Books for children, translations and original texts
Christine Leșcu, 23.01.2016, 14:43
After 1990 the Romanian children’s literature was on a downward trend, just like many other cultural sectors. Original books for children in Romanian were becoming increasingly scarce while translations, which came to dominate the book market for children little by little, were not always of the best quality. This situation lasted until 2008-2009, when both quality Romanian literature for children and quality translations were on the rise. Translator from and into English, Florin Bican, is also a writer. He writes both prose and poetry.
Here is how Florin Bican explains the situation of children’s literature in Romania: “I believe that immediately after 1990 Romanian publishers avoided publishing Romanian books for children. As the Romanian writers of children literature were faced with a lack of demand for their books, they blocked the offer in their turn. But in time, publishers grew wary of the public’s preferences, and the public, in its turn, became familiar with the translations from world literature for children, started to show openness towards the Romanian literature for children. There was a period, up until 2000, when the Romanian literature for children lost ground. What is paradoxical is that, prior to 1989, despite the rigor of the times, Romania had books for children, this genre was indeed given the attention it deserved. After 1990 people looked at the children’s literature with indifference. It is true that many translations of such books were published, which was a good thing”.

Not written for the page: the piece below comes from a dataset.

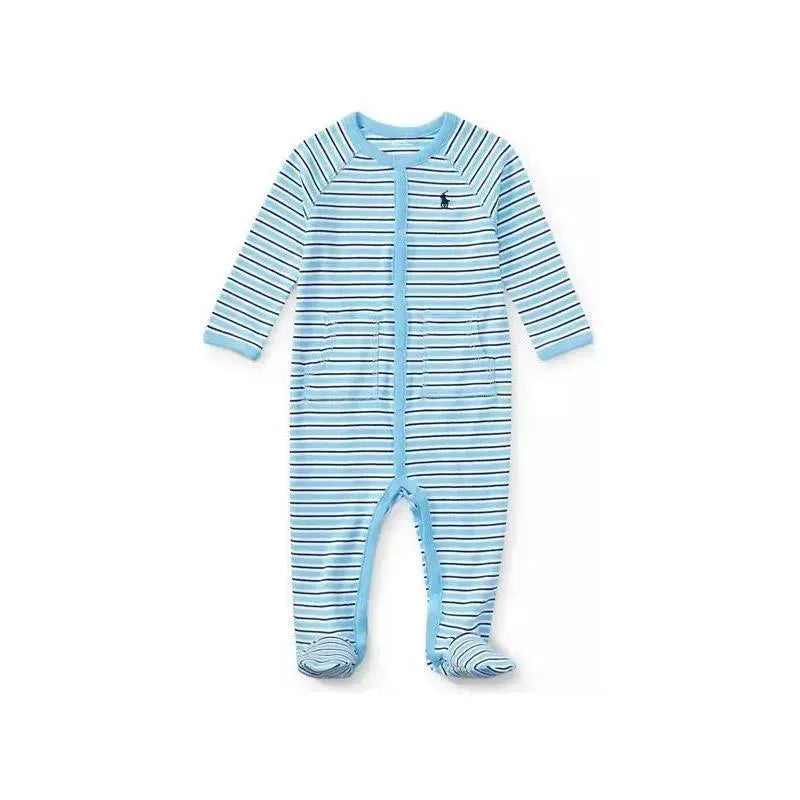 Ralph Lauren Striped Cotton Coverall, Suffield Blue Multi Image 1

Unfortunately, not all translations rose to the expectations. Many publishing houses, in their rush to make profits, published superficial translations. This also happened because Romanian writers were reluctant to venture into children’s literature.

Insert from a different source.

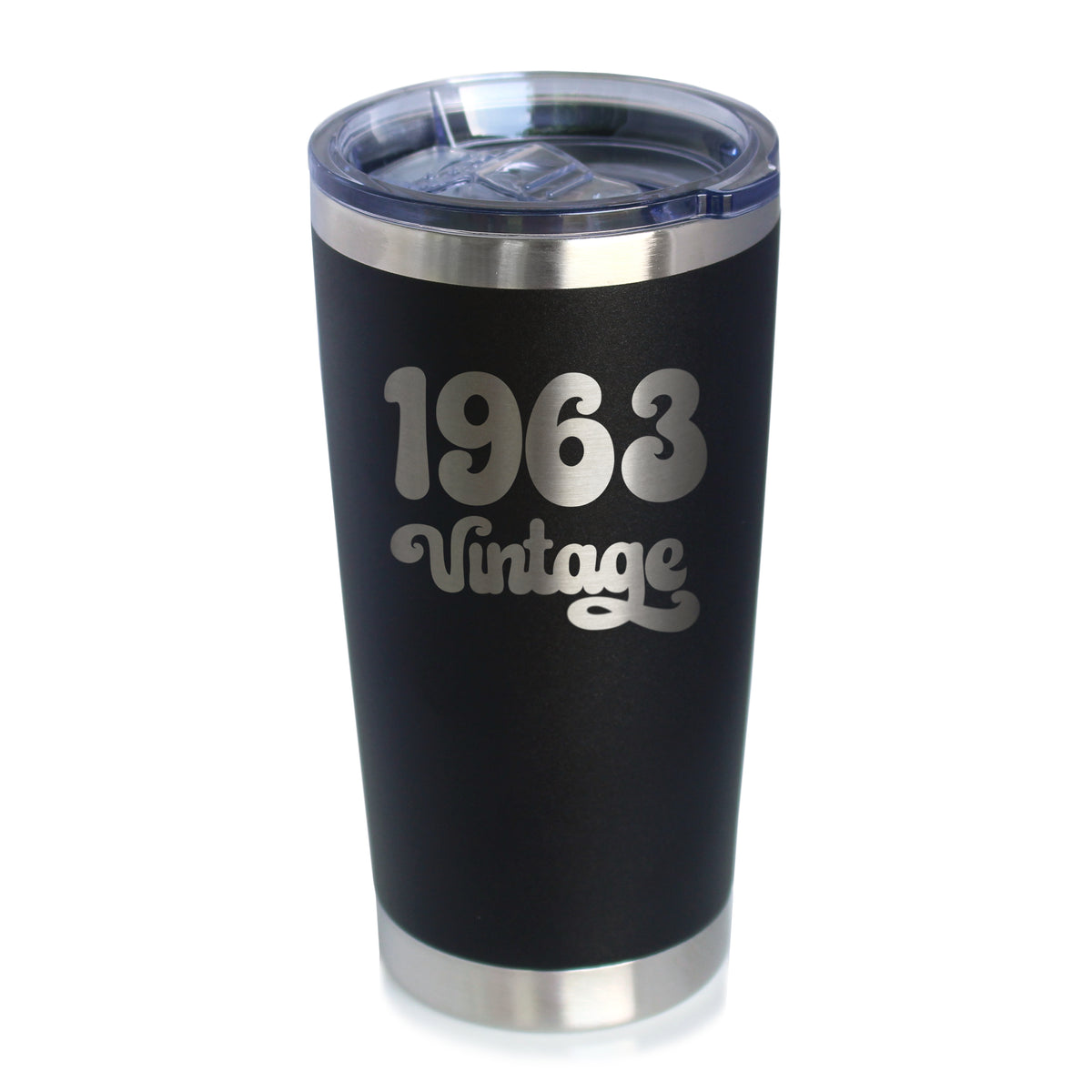 Vintage 1963 - Insulated Coffee Tumbler Cup with Sliding Lid - 20 oz - Funny 61st Birthday Gift for Women or Men Turning 61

Here is Florin Bican: “People want to believe it is in fact very easy to write for children, especially those who don’t do that. Many believe that there’s nothing easier. The tragedy is that some of them are writers. Even worse, they get published. At the same time, fortunately, there is one other category, that of the writers who believe it is hard to write for children. You have to draw inspiration from some place. It might do us good to look around, to take a closer look at children, read more children’s literature and read it with the same joy they do. Maybe some of us still have our childhood experiences fresh in our minds, and that helps with the writing.”
In any case, it is essential to have contact with children. In fact, communication with her own child was the principal motivation for Sinziana Popescu when she started writing. In 2009, her book Vlad’s Trip to the Land Beyond got the Writers’ Association Award for children’s literature, which had not been granted for a number of years.

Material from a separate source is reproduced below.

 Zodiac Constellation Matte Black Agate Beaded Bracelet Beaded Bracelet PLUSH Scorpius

This book was the first volume of the Andilandi series, and she told us about it: “I started this series about 2002-2003, when my boy was little, and I wrote that thinking that this should be my legacy to him, to show him the mythological beings in our tales too, because we have superheroes too, worthy of attention… Back then kids read a lot of Anglo-Saxon fantasy books, which are beautiful, I’ve read them too. Which led to the thought that we also have something to prove, that we have our own interesting mythological beings. I wasn’t bent on educating anyone, I just wanted to write a nice and interesting story. If there is a moral to it, I tried to filter it. I didn’t necessarily want to sweep it under the rug, but I didn’t want it to stick out, because usually children reject our attempts at moralizing.”
Florin Bican too wanted to avoid moralizing, focusing on entertaining kids, which is why he wrote his Rhyme and Reason Recyclopedia, a non-conformist rewriting of a Romanian fairy tale, written in a much more familiar language than some parents may have wished, perhaps: “All these ideas came to me along the years as I talked to my son, who is now nearly 30. I tried to rewrite some texts that seemed to me too stuffy, so that he might find them interesting. I kept practicing, motivated by doing it for my son as well, and kept taking well-established tales and turning them on their head. I got a lot of feedback. Children accepted the book without reservations, and I was amazed to find out, talking to them, that they were not derailed by the non-conformist language, which you cannot find in classical texts. They followed the storyline and the effect was just what I wanted. It was clear that a character with a colorful language is supposed to be ridiculous, and in the end he would get what’s coming to him. They got the parody, in other words. That was not necessarily the case with parents and teachers.”
Even though lately more and more Romanian books have been published, there are not enough to go around, according to Sinziana Popescu: “Our book market is stifled by translations, some of good quality, others of a doubtful quality, and they are not even of such a variety. We are dealing with two categories: contemporary best-sellers and classics, such as Astrid Lindgren, Mark Twain and Beatrix Potter. For instance, I didn’t know anything about contemporary Swedish writers. At the same time, Romanian writers are few and far between, you can count them on the fingers of one hand, or two. There are too few of them, which is why the Romanian market is unbalanced.”
Sinziana Popescu’s latest book is for children aged 3 to 7, in a bilingual Romanian-Swedish edition brought out by Pionier Press Publishers in Sweden, called The Little Rainbow Car.